By Divyat Rungta

Edited by Namrata Caleb, Senior Editor. The Indian Economist

India is the only country with a mandated CSR policy. The Indian Institute of Corporate Affairs, an outfit set up by the Union Ministry of Corporate Affairs, estimates the move to make available over Rs. 20 trillion of CSR funds for social spending annually. The norms will apply to companies with at least Rs 5 crores net profits or Rs 1,000 crores turn over or Rs 500 crores net worth. These companies will have to spend 2 per cent of their three-year average annual net profit on CSR activities in each financial year, starting from FY15.

It is about time companies see the CSR policy as a matter of pride, and more importantly, an opportunity to develop their rural markets. Money which would have circulated amongst the middle and higher class people will now be diverted to the development of lower strata income people. There are nearly 650,000 village and 750 million people living in rural India, which is nearly twice the population of Western Europe. Thus, the challenge, rather opportunity, is a lot simpler than building a market. It’s simply about developing an existing one. The CSR policy will also lead to whole new set of jobs. In simple economics, India can increase its supply side and demand side simultaneously which will invariably lead to higher growth in the long run.

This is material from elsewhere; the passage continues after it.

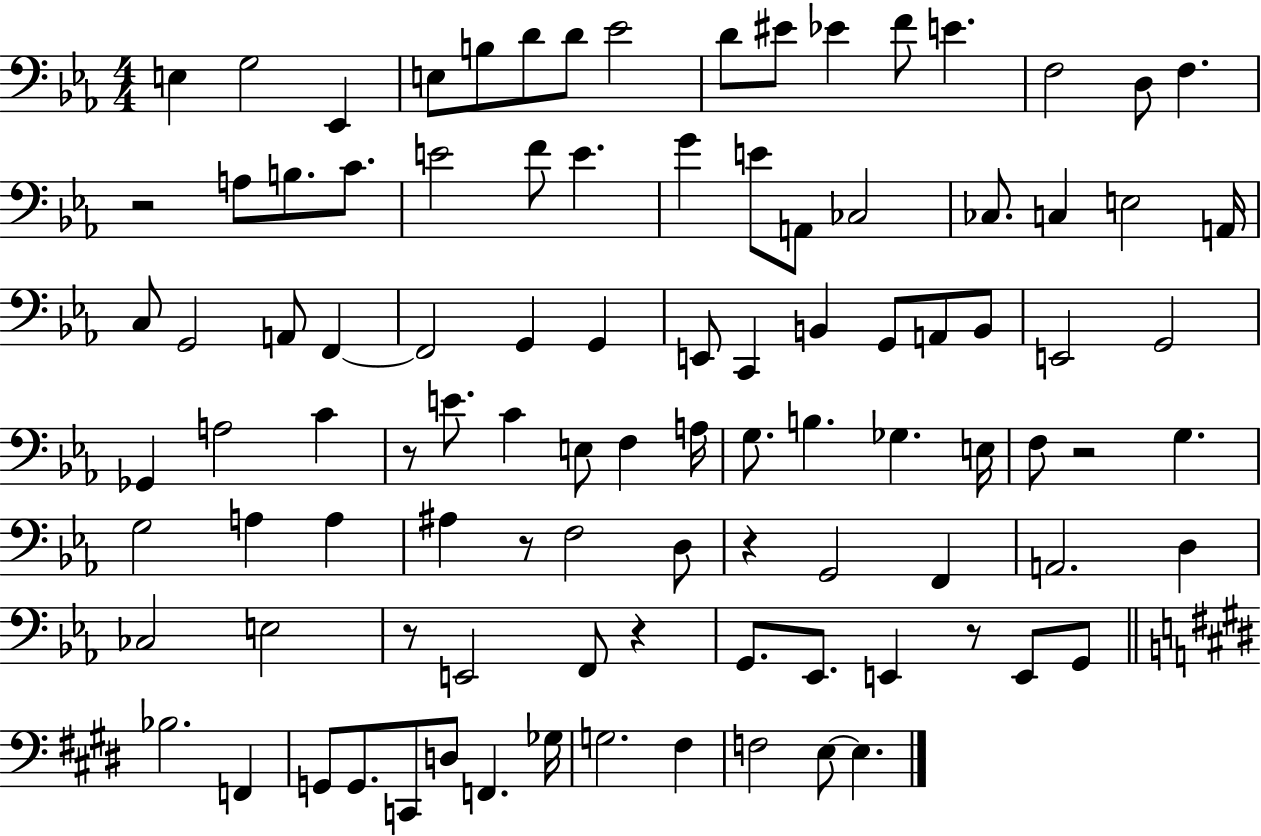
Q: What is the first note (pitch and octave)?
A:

15th August 2014 was a pleasant change from the single tone monologue this nation had been hearing on this cherished day. Narendra Modi fervently spelled out his vision on the social aspects of change required rather than the economic status, and rightly wanted private companies to play an active role. Companies must take cue and start to work on ground realities than simply transfer money to an organization. There are certain sectors where companies can target their CSR which can lead to a triple bottom line impact.

Healthcare: Unfortunately unfavorable conditions for children in rural areas, particularly girls, begin even before birth. Companies can look to assist rural women with medical healthcare right from pregnancy. Not only will it lead to better health for the mother and child, but will also reduce chances of feticides due to pre natal care. Health centers with heath workers for a cluster of villages will also go a long way to bridge the necessary gap between the poor and adequate healthcare. Access to clean water, the most basic amenity, is still a luxury for many rural areas. There is immense scope to work on fixing the poor water supply mechanism in remote areas.

Sanitation: After the 15th August speech, TCS was quick to allocate 100 crores to toilet construction.  However, simply allocating it will invariably lead these funds into murky hands of political class. Instead, companies can reconcile efforts with the Nirmal Bharat Abhiyan which has the objective of sustainable sanitation facilities through awareness creation and health education. There are two challenges which will have to be closely taken into consideration.  First, using toilets is still an unorthodox convention in many parts of rural India as open defecation is seen as ‘natural’ and having the bahu share the same toilet as that of the father-in-law is not accepted. CSR activities will have the challenging role of influencing the population to use proper toilet systems. Second, having toilets with poor and unfinished drainage will only severe the storm than calm it. Investment in green toilets with negligible use of water and ability to produce manure is a must.

Solar lighting: CSRs can look to provide solar street lighting and lamps in rural settings. Apart from solving the dire education standards by providing light to children, lighting of homes will offer an income generation opportunity to home grown businesses. Also, although a slightly far-fetched belief, the chances of domestic violence and rapes will steadily decline with proper lighting in the entire neighborhood, and will serve as a means of empowering the women community

Education: The key challenge remains to provide skill based expertise to students. With text-book knowledge, a 10th pass student from a government school can more often than not look only for daily wage jobs at low prices. Companies can look to provide certified training in vocational skills such as carpentry, plumbing or welding. Company CSRs can also look to provide better quality equipments in government schools, along with lucrative and accessible opportunities for scholarships.

These are just a few ways to create a ripple effect in the rural areas. Better access to basic amenities will lead to lower expenditure on health and better education opportunities. This in turn will lead to the socio-economic development of the area and better purchasing powers. ‘Rurbanising’ India with synergized efforts from companies, government and local NGOs is only going to expand the market for various industries. Companies must refrain from perceiving the CSR mandate as ‘mandatory’ but look at it as an ‘investment’ in a market. Also, with innumerable rivals coming up in the print and digital media space, positive publicity should be taken as a win-win situation. Maybe it’s time the biz world stops waiting for ‘achhe din’ and instead act towards it.

Divyat Rungta is currently a second year student pursuing B.A Economic (Hons) in Shri Ram College of Commerce. He is a die-hard sports lover and enjoys listening to Indie music. He has been deeply influenced by his parents, teachers, and the Indian Army! As a member of Enactus SRCC, he spends a lot of time working on social entrepreneurship projects undertaken by the team. Having the opportunity to interact with various communities and give them a sustainable livelihood has made a huge impact in his personal life. He strongly believes the student community has the responsibility of shaping a new India, and wants to make a significant contribution to it.